It has been more than 5 years that I wrote on Information governance. Over the period of last 5 years some areas of Information Governance became more matured and I thought of re-visiting this topic. In a simple analogy, what library do for books, Data governance does for data. It organizes data, makes it simple to access the data, gives means to check for validity/ accuracy of data and makes it understandable to all who need it. If Information Governance in place, organizations can use data for generating insights and also they are equipped for regulatory mandates (like GDPR).
There are six sets of capabilities that make up the Information Management & Governance component:
- Data Lifecycle Management is a discipline that applies not only to analytical data but also to operational, master and reference data within the enterprise. It involves defining and implementing policies on the creation, storage, transmission, usage and eventual disposal of data, in order to ensure that it is handled in such a way as to comply with business requirements and regulatory mandates.
2. MDM: Master and Entity Data acts as the ‘single source of the truth’ for entities – customers, suppliers, employees, contracts etc. Such data is typically stored outside the analytics environment in a Master Data Management (MDM) system, and the analytics environment then accesses the MDM system when performing tasks such as data integration.
3. Reference Data is similar in concept to Master and Entity Data, but pertains to common data elements such as location codes, currency exchange rates etc., which are used by multiple groups or lines of business within the enterprise. Like Master and Entity Data, Reference data is typically leveraged by operational as well as analytical systems. It is therefore typically stored outside the analytics environment and accessed when required for data integration or analysis.
4. Data Catalog is a repository that contains metadata relating to the data stored in the Analytical Data Lake Storage repositories. The catalog maintains the location, meaning and lineage of data elements, the relationships between them and the policies and rules relating to their security and management . The catalog is critical for enabling effective information governance, and to support self-service access to data for exploration and analysis.
5. Data Models provide a consistent representation of data elements and their relationships across the enterprise. An effective Enterprise Data Model facilitates consistent representation of entities and relationships, simplifying management of and access to data.

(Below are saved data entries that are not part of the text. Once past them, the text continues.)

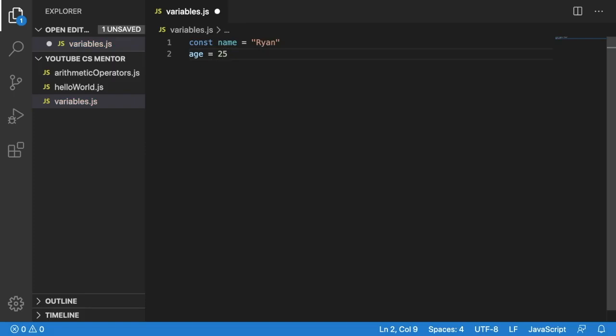Our age changes every year. So this variable will need to be changed at some stage. So we set this to let.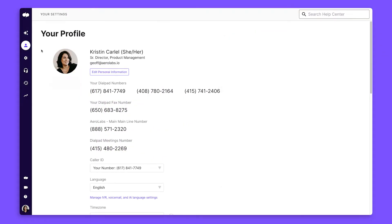Setting up your new Dialpad account is easy. Let's show you around. First, let's go to dialpad.com/settings.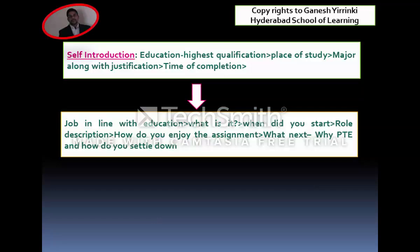For PR applicants, you can start with education and also talk about your job — whether it is in line with your education, what the role is, when you started, your role description, how you enjoy the assignment, why you want to take PTE, and how you plan to settle down. I will now give you a sample self-introduction for both students and PR applicants.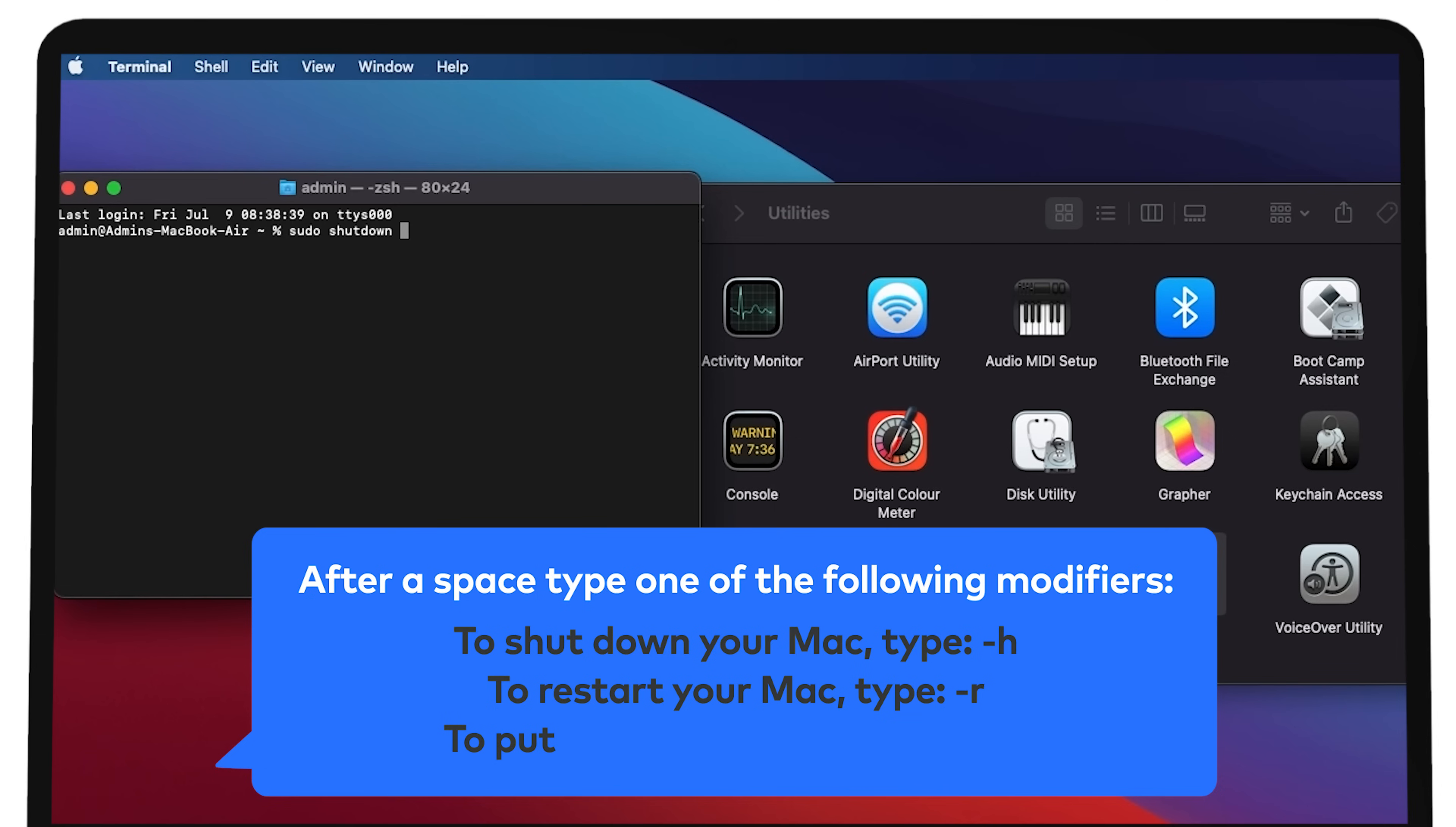After a space, type one of the following modifiers. To shut down your Mac, type hyphen h. To restart your Mac, type hyphen r. To put your Mac to sleep, type hyphen s.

6. Data Quality Rules describe the quality requirements for each data set within the Analytical Data Lake Storage component, and provides measures of data quality that can be used by potential consumers of data to determine whether a data set is suitable for a particular purpose. For example, data sets obtained from social media sources are often sparse and therefore ‘low quality’ but that does not necessarily disqualify a data set from being used. Provided a user of the data knows about its quality, they can use that knowledge to determine what kinds of algorithms can best be applied to that data.